How to know If you’re on track for a nice retirement

October 22, 2009 · Tagged with Retirement 

More companies are rolling out detailed and affordable services to help get your finances in shape. We tell you what’s good about them — and what’s not so good.

Can I afford to retire?

In the wake of the financial crisis, this question and its obvious follow-up — How can I better prepare? — are weighing on many people.

If you’re among them, help is at hand. Financial-services companies, eager to tap the baby-boomer market, are rolling out programs that offer, at little or no cost, a detailed assessment of whether you’re in danger of outliving your savings. Along the way, you’ll also receive advice on what to do if your savings are deemed insufficient and how best to tap your nest egg, or what’s left of it.

What’s the catch? First, there’s work involved; the programs can take hours to complete. Second, each company typically pairs you with a financial planner, who — not surprisingly — is likely to try to interest you in that company’s products. Finally, the programs focus on saving and investing; if you need guidance on other matters, such as estate or tax planning, you may be better off elsewhere.

That said, these services, for the most part, are a good mix of analysis, one-on-one advice and modest costs. As such, they can help you start or enhance your retirement planning.

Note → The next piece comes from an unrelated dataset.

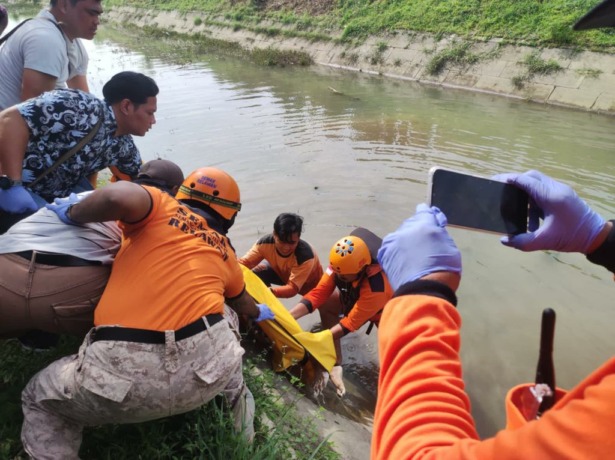Proses evakuasi jenazah korban RDS dari sungai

Many American households, wealthy or not, don’t need enough hand-holding “to justify spending more than a few hundred dollars on financial planning,” says Chip Roame, managing principal at Tiburon Strategic Advisors, a Tiburon, Calif., consulting company that specializes in the financial-services industry. For many people, he adds, these programs “are a good fit.”

To help you sort through the options in this fast-growing area, we tested services, new and established, offered by four companies.

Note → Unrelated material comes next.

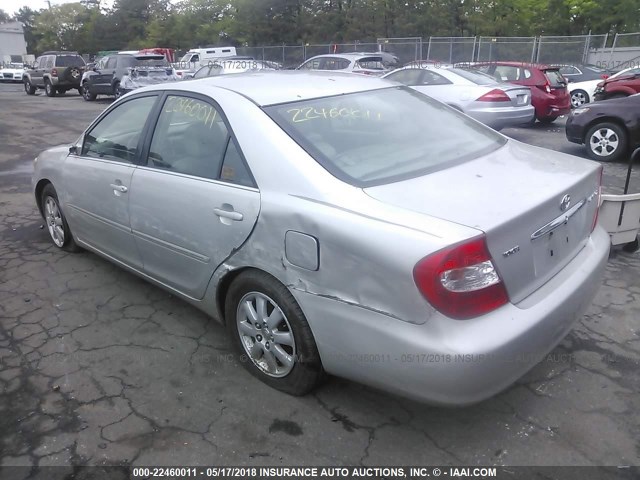 4T1BE30K12U581237 - 2002 TOYOTA CAMRY LE/XLE/SE ვერცხლისფერი ფოტო 3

We asked each to provide a financial plan for Jack and Rose Ryan, a fictional couple we endowed with about $1.2 million in savings, plus a $600,000 home in Evanston, Ill. Concerned about job security, Jack — a 60-year-old executive at a newspaper company — wants to know whether he can afford to retire at 63. His wife, a 58-year-old public-school teacher with a generous pension, wants to retire around the same time.

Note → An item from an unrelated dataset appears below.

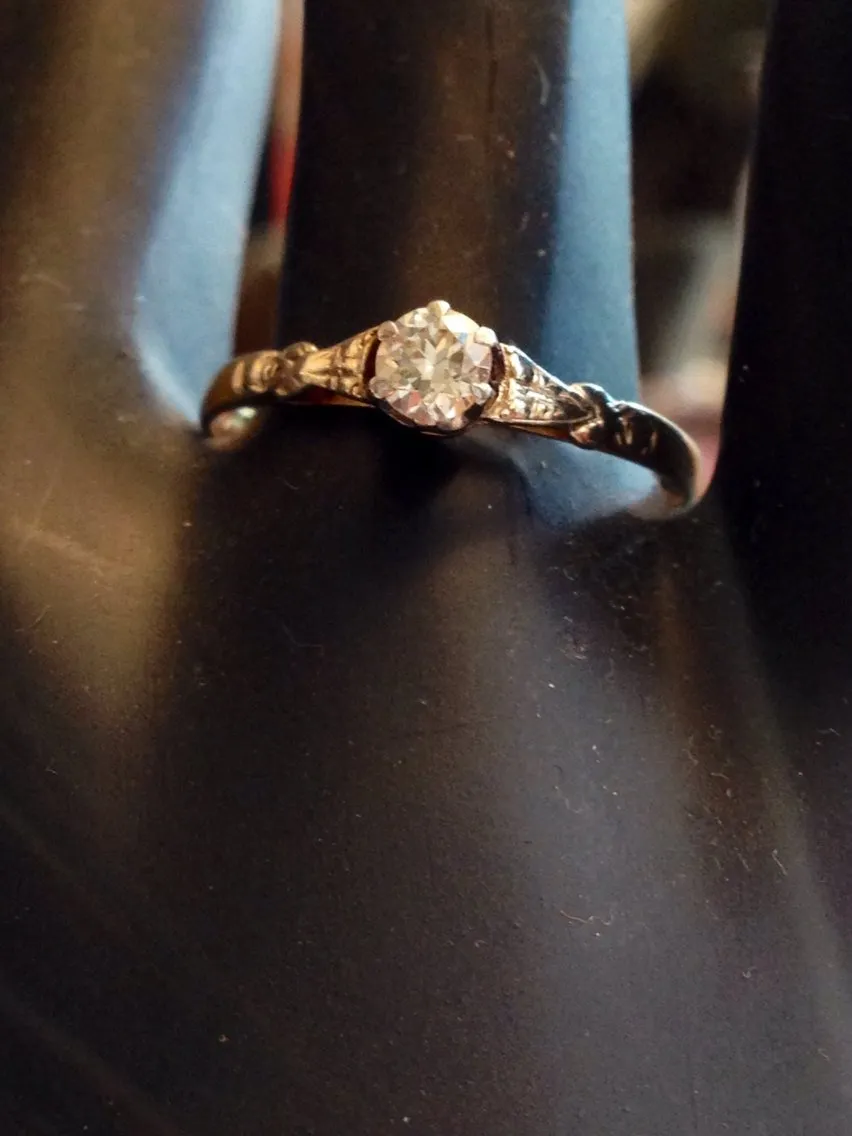 English Deco Quarter Carat Diamond and Gold Ring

The results? For the most part, the advice fell within conventional retirement-planning wisdom. Most of the firms, for instance, advised the Ryans to take the same basic steps, such as paring expenses and diversifying their stock holdings.

Still, there were important differences among the firms. Some caught possible problems others overlooked. Some mainly recommended their own products, while others were more eclectic in approach. More generally, some were considerably more optimistic than others about how long the Ryans’ savings would last.